## Finding primes in parallel

Posted by Jonas Elfström Thu, 14 Jan 2010 21:55:00 GMT

Justin Etheredge has been blogging about his challenge to find prime numbers with LINQ. He later used `AsParallel()`

(coming in .NET 4) to speed things up and then followed that up with a post about using The Sieve Of Eratosthenes.

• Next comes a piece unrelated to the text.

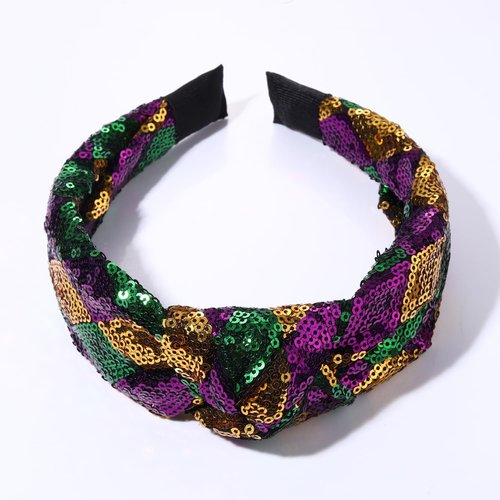 HSWE Mardi Gras Headband for Women Glitter Purple Green Yellow Sequin Top Knot Hairband Funny Carnival Parade Party Gift for Sister Mom Bestie
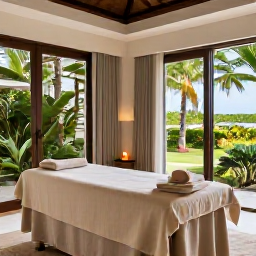 Caribbean Holidays, June Spa Breaks, An elegant spa treatment room in a Saint Kitts resort, with natural textures, soft towels, candles and views of lush tropical gardens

As you can see in the comments of those posts I tried to speed the Sieve of Eratosthenes up by using `Parallel.For`

in the inner loop. I also tried AsParallel() in the LINQ expression but it made no difference in either case. At most it got 5% faster. I'm not sure but it could be that because SoE is very memory intense we could have a scaling issue and maybe also memory bandwidth exhaustion. This is mere speculation.

I then searched for other algorithms and found The Sieve of Atkin. It uses less memory than SoE so I thought I'd give it a try.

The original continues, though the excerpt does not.